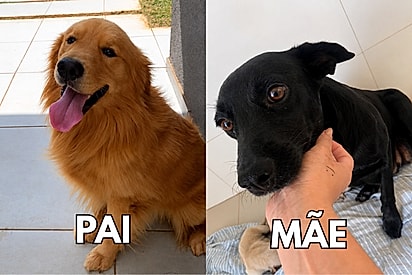 Golden lata ou vira-lata caramelo gourmet? Golden retriever se envolve com vira-lata e gera filhote de beleza estonteante.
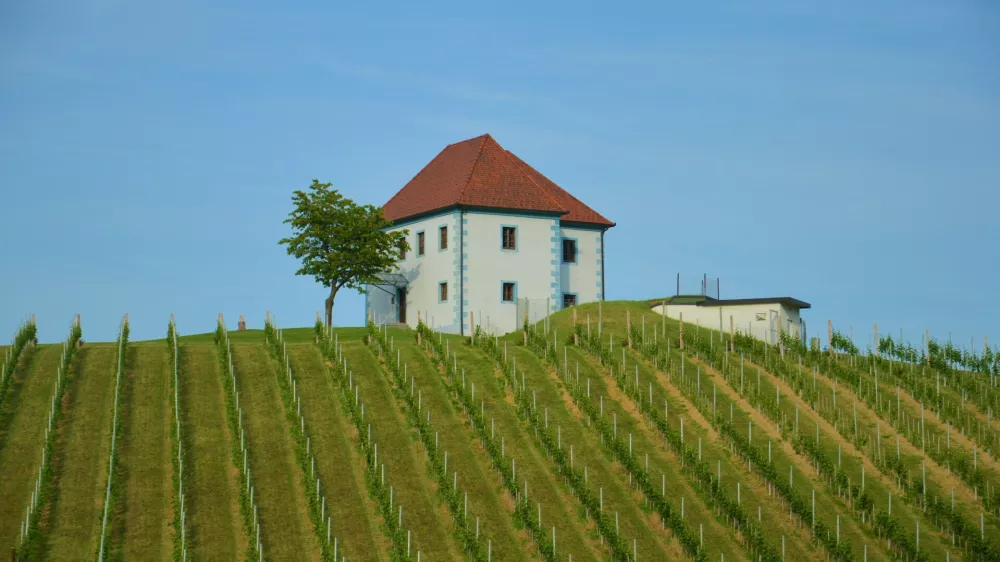Zlati Grič, Slovenske Konjice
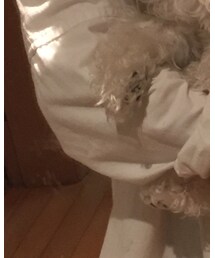 TOPSHOP | シャツ/ブラウス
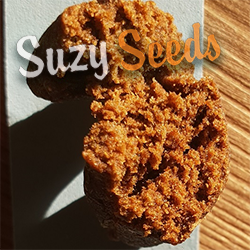Suzys Hasch-Spezial: Alles, was Sie über Hasch und die Herstellung von Hasch wissen müssen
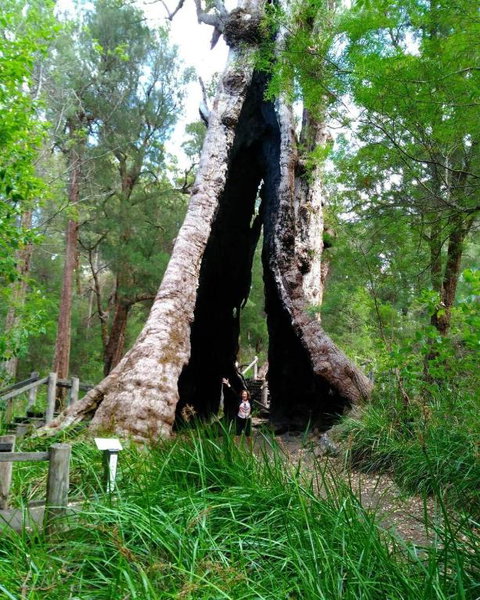 Crystal Springs Holiday Accommodation - Lennox Head Accommodation 3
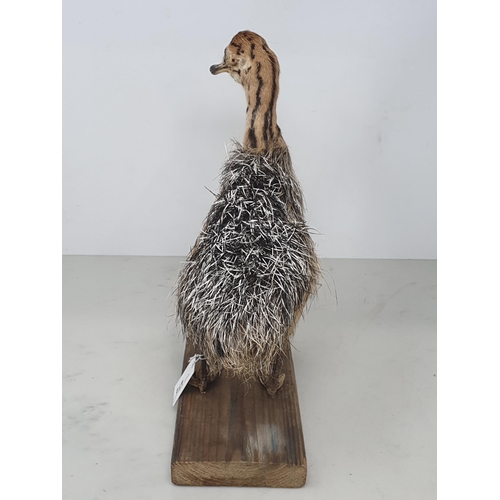 472 - A taxidermy juvenile Ostrich on wooden base, 12in high including wooden base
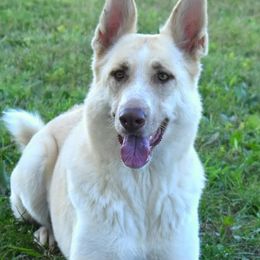 Calypso - German Shepherd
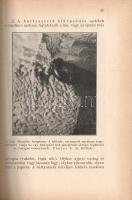 Moesz Gusztáv: 
A házigomba és az épületek elgombásodása. 39 képpel.
Budapest, 1934. Királyi Magya...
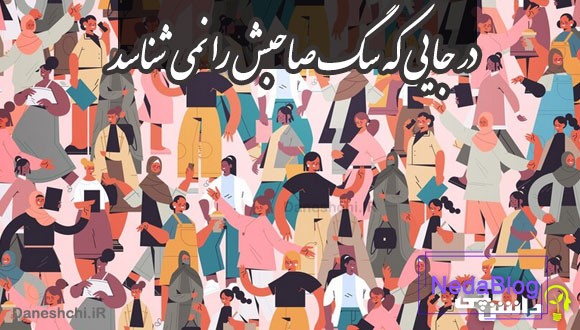 در جایی که سگ صاحبش را نمی شناسد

DIRECTIONS :: All lines from the one containing "TOPSHOP | シャツ/ブラウス" through the end of the entries above must be given again exactly, with every picture omitted.

YOUR RESPONSE ::
 TOPSHOP | シャツ/ブラウス
Suzys Hasch-Spezial: Alles, was Sie über Hasch und die Herstellung von Hasch wissen müssen
 Crystal Springs Holiday Accommodation - Lennox Head Accommodation 3
 472 - A taxidermy juvenile Ostrich on wooden base, 12in high including wooden base
 Calypso - German Shepherd
 Moesz Gusztáv: 
A házigomba és az épületek elgombásodása. 39 képpel.
Budapest, 1934. Királyi Magya...
 در جایی که سگ صاحبش را نمی شناسد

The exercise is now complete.